About this exercise - Which lines of the data contain the string "Black"? Copy every one.

Record excerpts -
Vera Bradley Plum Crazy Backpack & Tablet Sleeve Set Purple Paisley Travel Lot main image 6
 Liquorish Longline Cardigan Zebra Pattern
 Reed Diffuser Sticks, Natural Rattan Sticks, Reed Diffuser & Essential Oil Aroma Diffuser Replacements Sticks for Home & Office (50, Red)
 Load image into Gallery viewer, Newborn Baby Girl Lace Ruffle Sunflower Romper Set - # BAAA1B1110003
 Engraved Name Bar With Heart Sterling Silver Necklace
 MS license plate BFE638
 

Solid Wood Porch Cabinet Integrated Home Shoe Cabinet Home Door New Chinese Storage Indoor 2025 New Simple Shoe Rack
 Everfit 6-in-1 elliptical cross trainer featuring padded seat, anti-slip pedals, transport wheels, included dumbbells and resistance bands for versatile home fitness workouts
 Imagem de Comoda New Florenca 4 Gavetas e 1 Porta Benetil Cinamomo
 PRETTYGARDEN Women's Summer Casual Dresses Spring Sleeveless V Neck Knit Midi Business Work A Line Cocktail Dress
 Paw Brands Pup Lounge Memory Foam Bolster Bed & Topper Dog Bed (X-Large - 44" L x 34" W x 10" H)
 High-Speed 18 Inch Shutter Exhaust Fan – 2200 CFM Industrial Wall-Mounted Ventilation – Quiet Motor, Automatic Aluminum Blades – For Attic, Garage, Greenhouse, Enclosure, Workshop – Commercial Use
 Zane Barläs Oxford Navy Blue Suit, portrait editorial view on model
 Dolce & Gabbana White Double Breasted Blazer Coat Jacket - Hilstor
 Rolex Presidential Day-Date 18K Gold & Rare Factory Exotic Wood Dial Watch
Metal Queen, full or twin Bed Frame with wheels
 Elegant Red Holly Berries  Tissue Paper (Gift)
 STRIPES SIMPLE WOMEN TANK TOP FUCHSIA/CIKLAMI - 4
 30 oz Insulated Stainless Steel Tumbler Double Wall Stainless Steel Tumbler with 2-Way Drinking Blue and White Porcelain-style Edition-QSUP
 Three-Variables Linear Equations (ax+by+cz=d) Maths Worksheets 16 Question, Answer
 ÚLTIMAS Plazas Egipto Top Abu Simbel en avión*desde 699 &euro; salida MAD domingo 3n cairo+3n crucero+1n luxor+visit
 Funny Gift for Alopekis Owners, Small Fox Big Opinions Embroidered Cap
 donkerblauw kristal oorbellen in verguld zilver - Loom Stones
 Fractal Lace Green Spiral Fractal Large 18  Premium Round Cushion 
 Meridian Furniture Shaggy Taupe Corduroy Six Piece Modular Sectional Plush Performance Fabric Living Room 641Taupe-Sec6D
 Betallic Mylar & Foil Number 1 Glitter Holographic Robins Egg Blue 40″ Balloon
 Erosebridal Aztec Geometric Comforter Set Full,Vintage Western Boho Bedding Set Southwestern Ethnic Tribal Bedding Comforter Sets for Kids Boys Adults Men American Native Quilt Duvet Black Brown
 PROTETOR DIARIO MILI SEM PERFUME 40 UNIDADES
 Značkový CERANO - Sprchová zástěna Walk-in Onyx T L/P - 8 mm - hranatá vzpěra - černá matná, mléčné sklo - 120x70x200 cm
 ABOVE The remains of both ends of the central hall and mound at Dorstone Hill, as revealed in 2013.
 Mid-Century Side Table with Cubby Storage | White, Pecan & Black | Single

Response -
 Erosebridal Aztec Geometric Comforter Set Full,Vintage Western Boho Bedding Set Southwestern Ethnic Tribal Bedding Comforter Sets for Kids Boys Adults Men American Native Quilt Duvet Black Brown
 Mid-Century Side Table with Cubby Storage | White, Pecan & Black | Single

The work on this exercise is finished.